Continuous Guard Fuzzing

A static adversarial suite checks a fixed list of attacks; a fuzzer mutates a seed corpus round after round and surfaces the variant a guard fails to flag. The ContinuousFuzzer takes a guard predicate and a corpus of strings the guard should flag, applies obfuscating mutations, and reports every one that slipped through — plus any seed the guard missed outright. The RNG is seeded, so each finding is replayable as a regression case.

Quick start

from director_ai import ProductionGuard
from director_ai.core.config import DirectorConfig

fuzzer = ProductionGuard(DirectorConfig()).continuous_fuzzer(seed=0)

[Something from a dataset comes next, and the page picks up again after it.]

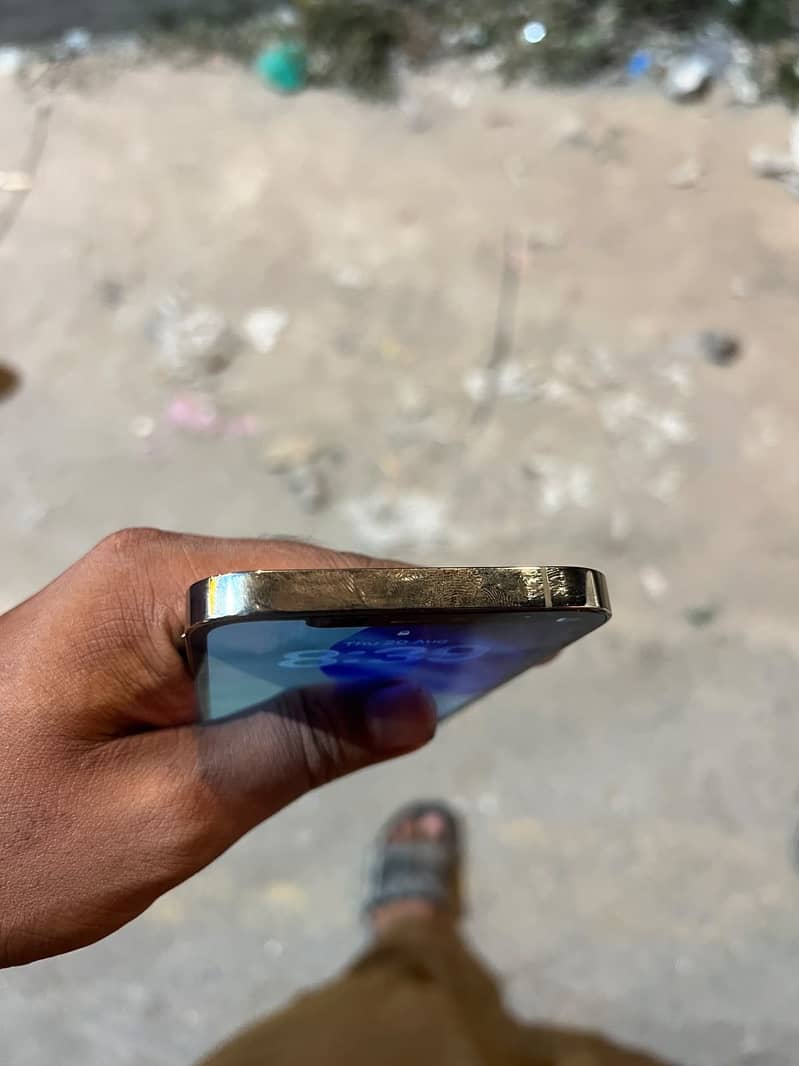 Apple iPhone 12 pro 3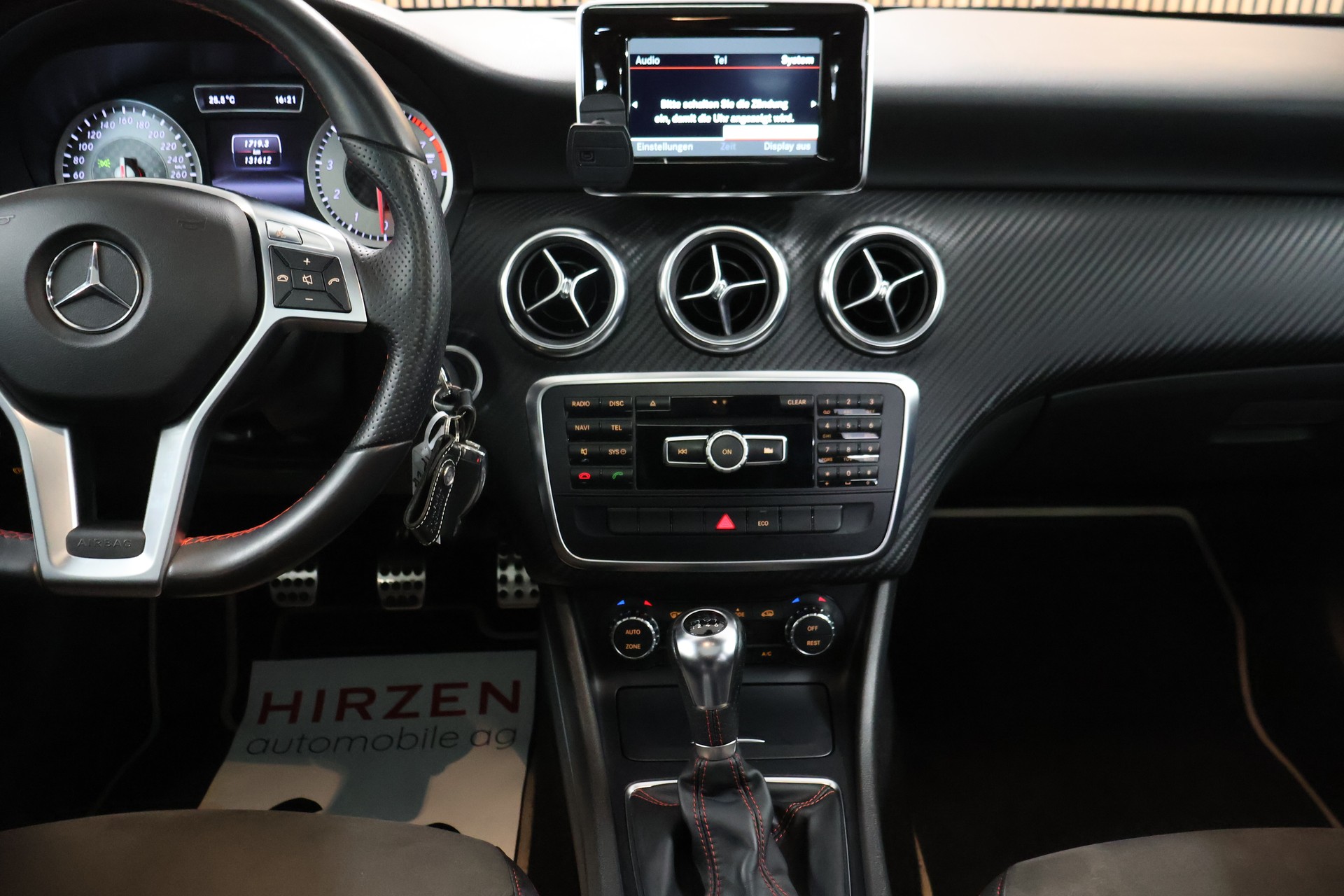 MERCEDES-BENZ A 200 AMG Line-image-17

# predicate: True means "the guard flags this as an attack".
def guard_flags(text: str) -> bool:
    return my_injection_detector.is_attack(text)

report = fuzzer.run(guard_flags, rounds_per_seed=50)   # default attack corpus
print(report.ok)                 # False if any mutation bypassed the guard
for bypass in report.bypasses:
    print(bypass.operator, "→", bypass.mutation)        # replayable obfuscation

Mutation operators

Each operator perturbs an attack string while a human still reads the same intent:

Operator Obfuscation
case_flip Randomised upper/lower casing.
whitespace_inject Stray spaces, tabs, newlines between characters.
zero_width_inject Zero-width spaces/joiners/BOM sprinkled in.
homoglyph_substitute Latin letters → confusable Cyrillic homoglyphs.
leetspeak a→4, e→3, i→1, o→0, s→5, t→7.
char_duplicate Doubles a sample of characters.
delimiter_inject Splices chat/template delimiters (</s>, [INST], …).

Pass a custom mutators mapping to ContinuousFuzzer to add domain-specific operators.

The report

run(predicate, corpus=None, rounds_per_seed=25) returns a FuzzReport:

Field Meaning
seeds_tested Number of corpus seeds.
mutations_run Total mutations evaluated.
bypasses Bypass(operator, seed, mutation) for each mutation the guard missed.
seed_misses Seeds the guard failed to flag even unmutated (a baseline gap).
operators_used Which operators were exercised.
ok True only when there were no bypasses and no seed misses.

A seed the guard cannot even flag unmutated is reported as a seed_miss and is not mutated further — fix the baseline first. Wire run() into CI to fail the build when report.ok is False, turning bypass discovery into a standing regression gate. The bypass payloads are attack-corpus mutations, not tenant data, so they are safe to surface to the security team for triage.